Non mi addentrerò in un campo a me ignoto (quello della psicologia di massa) ma mi basterà ricordare come, recentemente, sia stato recuperato dalla sociologia il complesso di Telemaco come strumento per indagare l’impatto della perdita del riferimento “paterno” su interi segmenti della società. Non vi è dubbio anche come tale categoria sia stata ampiamente usata per coprire, attraverso un fittizio quanto strumentale rinnovamento di gruppi dirigenti, un’operazione di stampo interclassista di attacco ai diritti dei lavoratori e alla Costituzione.
I comunisti usano altre categorie, ovvio, ma non possono essere sordi di fronte all’esigenza della rigenerazione e del rinnovamento adeguato al quadro politico e sociale emerso dopo gli anni ’80: e credo dunque che uno dei grandi problemi dei comunisti e dell’intera sinistra risieda nel fatto di vivere e calpestare la terra dove nacque e si sviluppò il più grande partito comunista d’occidente. Ciò merita una riflessione più approfondita fuori dall’obbiettivo di questo articolo.

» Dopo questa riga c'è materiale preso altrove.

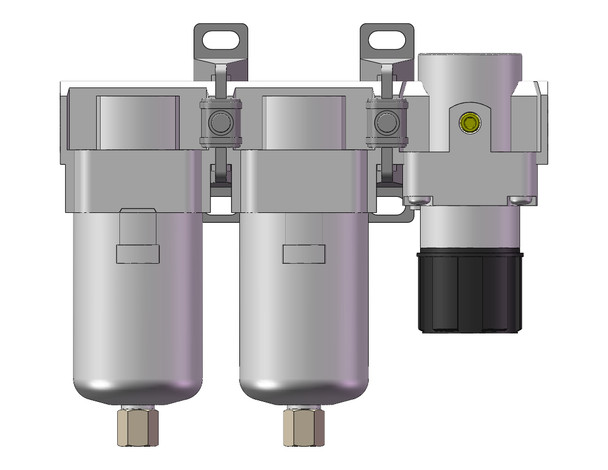 SMC AC40C-06-J-A modular f.r.l. f/ms/r combo modular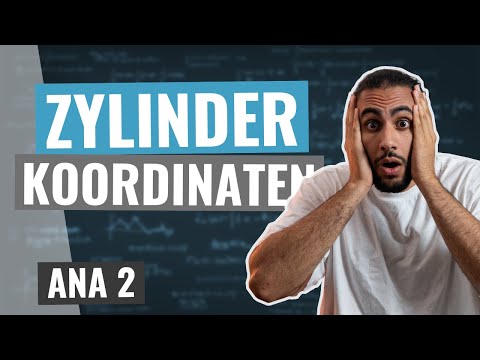 ZYLINDERKOORDINATEN einfach und schnell erklärt mit Beispielen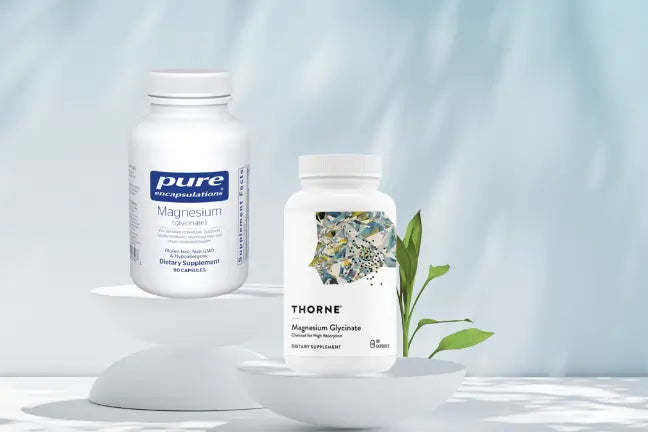 Pure Encapsulations vs. Thorne vs. NOW: Which Magnesium Glycinate Is Best?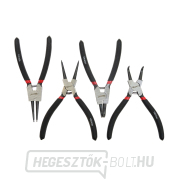 Seeger fogó készlet 4 db GEKO, egyenes és hajlított, 160mm Seeger fogó készlet 4 db GEKO, egyenes és hajlított, 160mm gallery main image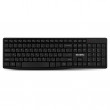 Tastatura + Mouse Wireless SVEN KB-C3500W, 12 Fn keys, Battery indicator, 1xAA/1xAA, 2.4Ghz, Black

Permettetemi di chiudere con un’autocritica. Io, che di quei gruppi dirigenti non ne ho fatto parte ho le mie colpe. La principale delle quali è stata quella di affidarmi sempre e comunque a quei gruppi dirigenti, esercitando spesso uno degli sport più diffusi: il principio di delega. Cari compagni, credo che se vogliamo ripartire dobbiamo necessariamente prescindere da quei gruppi dirigenti. Quante volte abbiamo scorso i documenti e gli appelli cercando il nostro nord sulla bussola che sembrava impazzita e abbiamo creduto di trovarlo quando leggevamo, in incipit, che anche questo o quel dirigente l’aveva sottoscritto, quel documento. O quante volte ci siamo sentiti dire che questo o quell’intellettuale aveva apposto la sua vidimazione? Vedete, una delle condizioni necessarie ma non sufficienti perché piova è che, oltre al vapor acqueo, in cielo siano presenti anche nuclei di condensazione: essenzialmente polvere, particelle piccole ma molto più grandi delle molecole di vapor acqueo e che, per effetto della loro maggiore dimensione, favoriscono la formazione di goccioline d’acqua. Ebbene, abbiamo passato un quarto di secolo cercando quei nuclei di condensazione, credendo ogni volta che fossero proprio quei quadri politici dirigenti in realtà ormai usurati. Il risultato è stata una pioggia acida che ha portato ancora più siccità.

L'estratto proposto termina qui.